Items from a dataset

=== Section Start ===

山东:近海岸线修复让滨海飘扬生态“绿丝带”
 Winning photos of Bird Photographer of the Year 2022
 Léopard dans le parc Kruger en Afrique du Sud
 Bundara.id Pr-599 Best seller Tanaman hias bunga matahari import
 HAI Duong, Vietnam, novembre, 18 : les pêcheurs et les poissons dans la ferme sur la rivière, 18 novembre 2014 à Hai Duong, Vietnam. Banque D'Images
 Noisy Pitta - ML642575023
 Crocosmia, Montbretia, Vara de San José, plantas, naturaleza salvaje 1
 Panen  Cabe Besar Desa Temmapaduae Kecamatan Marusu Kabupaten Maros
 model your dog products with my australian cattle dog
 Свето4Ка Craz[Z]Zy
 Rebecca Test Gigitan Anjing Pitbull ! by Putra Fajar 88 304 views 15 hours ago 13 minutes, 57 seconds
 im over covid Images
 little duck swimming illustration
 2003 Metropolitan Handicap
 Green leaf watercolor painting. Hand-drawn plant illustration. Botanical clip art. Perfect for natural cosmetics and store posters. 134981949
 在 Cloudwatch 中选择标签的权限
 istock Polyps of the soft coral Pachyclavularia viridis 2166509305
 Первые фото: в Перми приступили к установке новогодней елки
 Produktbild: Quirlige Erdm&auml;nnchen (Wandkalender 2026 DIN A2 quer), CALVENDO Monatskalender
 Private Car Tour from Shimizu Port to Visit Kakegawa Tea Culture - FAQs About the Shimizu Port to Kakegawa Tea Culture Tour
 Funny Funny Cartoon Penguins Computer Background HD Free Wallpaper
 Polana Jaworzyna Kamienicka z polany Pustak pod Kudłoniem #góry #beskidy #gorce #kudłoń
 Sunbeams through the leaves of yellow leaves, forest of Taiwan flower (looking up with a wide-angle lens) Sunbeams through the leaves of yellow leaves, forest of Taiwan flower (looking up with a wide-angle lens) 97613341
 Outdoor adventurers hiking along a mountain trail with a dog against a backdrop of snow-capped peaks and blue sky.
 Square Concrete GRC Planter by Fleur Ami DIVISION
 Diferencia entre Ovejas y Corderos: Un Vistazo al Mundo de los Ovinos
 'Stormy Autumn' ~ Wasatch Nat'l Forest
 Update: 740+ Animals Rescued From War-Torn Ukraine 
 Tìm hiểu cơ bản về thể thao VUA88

=== Section End ===

Every line above from the line with "HAI Duong, Vietnam, novembre, 18 : les" to the line with "im over covid Images" is wanted, ends included; write them out exactly and add no other line.

Solution to this task
 HAI Duong, Vietnam, novembre, 18 : les pêcheurs et les poissons dans la ferme sur la rivière, 18 novembre 2014 à Hai Duong, Vietnam. Banque D'Images
 Noisy Pitta - ML642575023
 Crocosmia, Montbretia, Vara de San José, plantas, naturaleza salvaje 1
 Panen  Cabe Besar Desa Temmapaduae Kecamatan Marusu Kabupaten Maros
 model your dog products with my australian cattle dog
 Свето4Ка Craz[Z]Zy
 Rebecca Test Gigitan Anjing Pitbull ! by Putra Fajar 88 304 views 15 hours ago 13 minutes, 57 seconds
 im over covid Images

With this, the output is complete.